*Required work:*
What is needed is an exact transcription of the line containing "Gartenanlage Club Sidelya Hotel" and every line after it through the end of the entries below, with no pictures.

─── Data to use ───

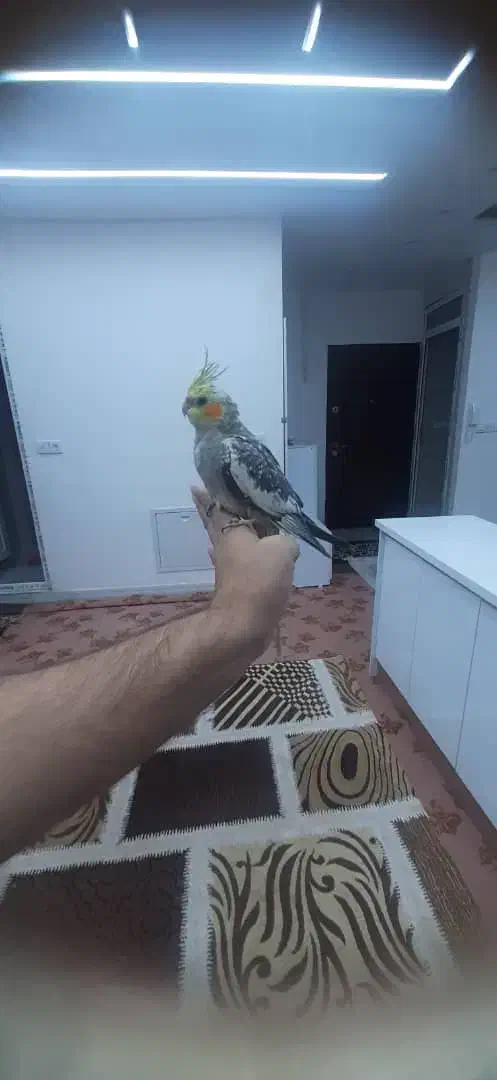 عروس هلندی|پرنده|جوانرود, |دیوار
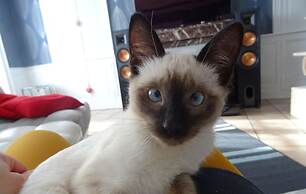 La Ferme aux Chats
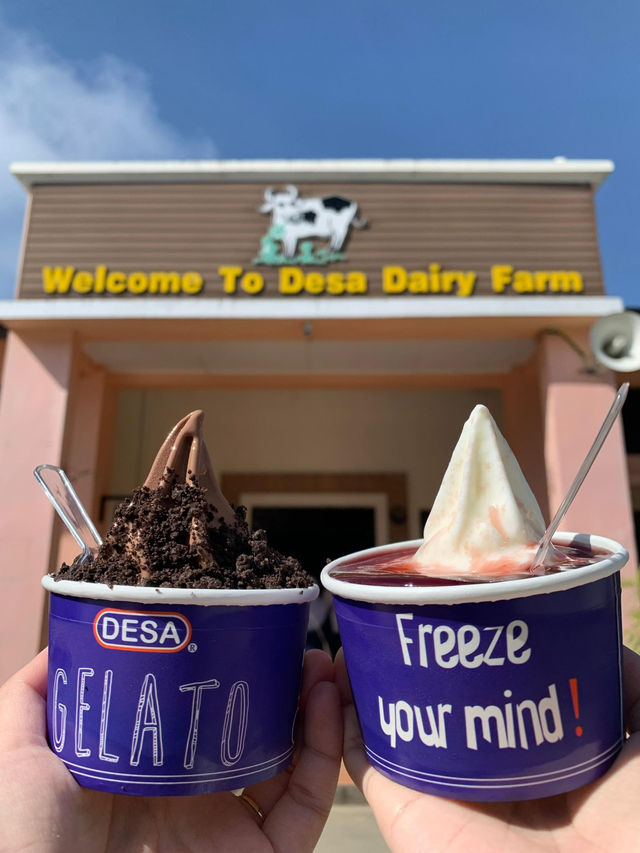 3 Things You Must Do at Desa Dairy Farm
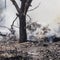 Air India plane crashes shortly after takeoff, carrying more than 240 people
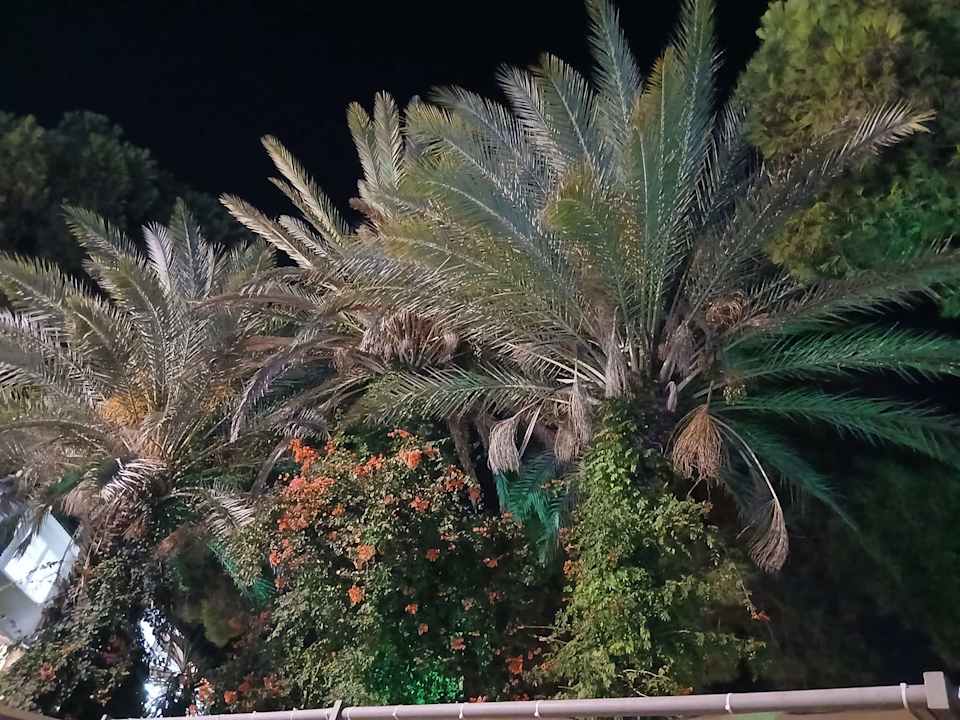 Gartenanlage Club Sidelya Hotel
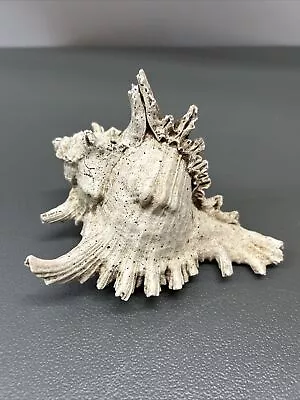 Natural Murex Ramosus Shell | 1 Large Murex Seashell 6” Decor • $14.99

───

*Output:*
 Gartenanlage Club Sidelya Hotel
 Natural Murex Ramosus Shell | 1 Large Murex Seashell 6” Decor • $14.99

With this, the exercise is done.